[humanser] There But for the NFB Go I
JD Townsend
43210 at bellsouth.net
Sat Nov 26 00:54:04 UTC 2016
That’s my reaction. What’s yours?
New York Times Sunday Review Desk Section
2016 11 20
DISABILITY
Feeling My Way Into Blindness.
By EDWARD HOAGLAND.
Edward Hoagland is a nature and travel writer, and the author, most recently, of 'In the Country of the Blind,' a novel
Blindness is enveloping. It's beyond belief to step outside and
see so little, just a milky haze. Indoors, a smothering dark.

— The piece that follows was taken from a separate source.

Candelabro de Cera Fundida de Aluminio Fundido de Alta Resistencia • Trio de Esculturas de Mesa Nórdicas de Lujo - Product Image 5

It means that you can't shed a mood of loneliness with a brisk
walk down the street because you might trip, fall and break
something. Nor will you see a passing friend, the sight of whom
could be as cheery as an actual conversation. Sights, like
sounds, randomly evoke a surge of memories ordinarily
inaccessible that lighten and brighten the day. 'Who are you? I
may already have asked 10 people who have spoken to me. Their
body language as well as their smiles are lost to me. Human
nature is striped with ambiguities, and you need to see them, but
like a prisoner, I am hooded.
I lost my sight once before, to cataracts, a quarter-century ago,
but it was restored miraculously by surgery. It then went
seriously bad again, until, reaching 80, I needed a cane. Tap,
tap. Ambulatory vision is the technical term..
Everything becomes impromptu, hour by hour improvised. Pouring
coffee so it doesn't spill, feeling for the john so you won't pee
on the floor, calling information for a phone number because you
can't read the computer, or the book. Eating takes considerable
time since you can't see your food. Feeling for the scrambled
eggs with your fingers, you fret about whether you appear
disgusting. Shopping for necessities requires help. So does
traveling on a bus.
The kindness of strangers is proverbial -- a woman leads me
through the bustle of an airport toward the taxi stand, a
waitress hands me back a $50 bill I mistook for a 20. Blindness
is factually a handicap, yet an empathetic one, because other
people can so easily imagine themselves suffering from it,
sometimes even experiencing a rehearsal for it when stumbling
through a darkened house at night. I remember how in school we
teased students with Coke-bottle glasses, but didn't laugh at
blind folk whose black glasses signified that they couldn't see
at all.
I know about handicaps harder to cotton to, having stuttered
terribly for decades, my face like a gargoyle's, my mouth
flabbering uncontrollably. Blindness is old hat. In Africa you
still see sightless souls led about by children gripping the
other end of a stick. Blindness in its helplessness reassures
the rest of us that that oddball is not an eyesore or a loose
cannon. Being blind is omission, not commission; and you'd
better learn how to fall. Paratrooper or tumbler training would
be useful. A tumbler can tip sideways as he lands so his hip and
shoulder absorb the blow.
The ears need schooling as a locator. I search for the bathroom
at night, guided by a ticking clock whose location I recognize.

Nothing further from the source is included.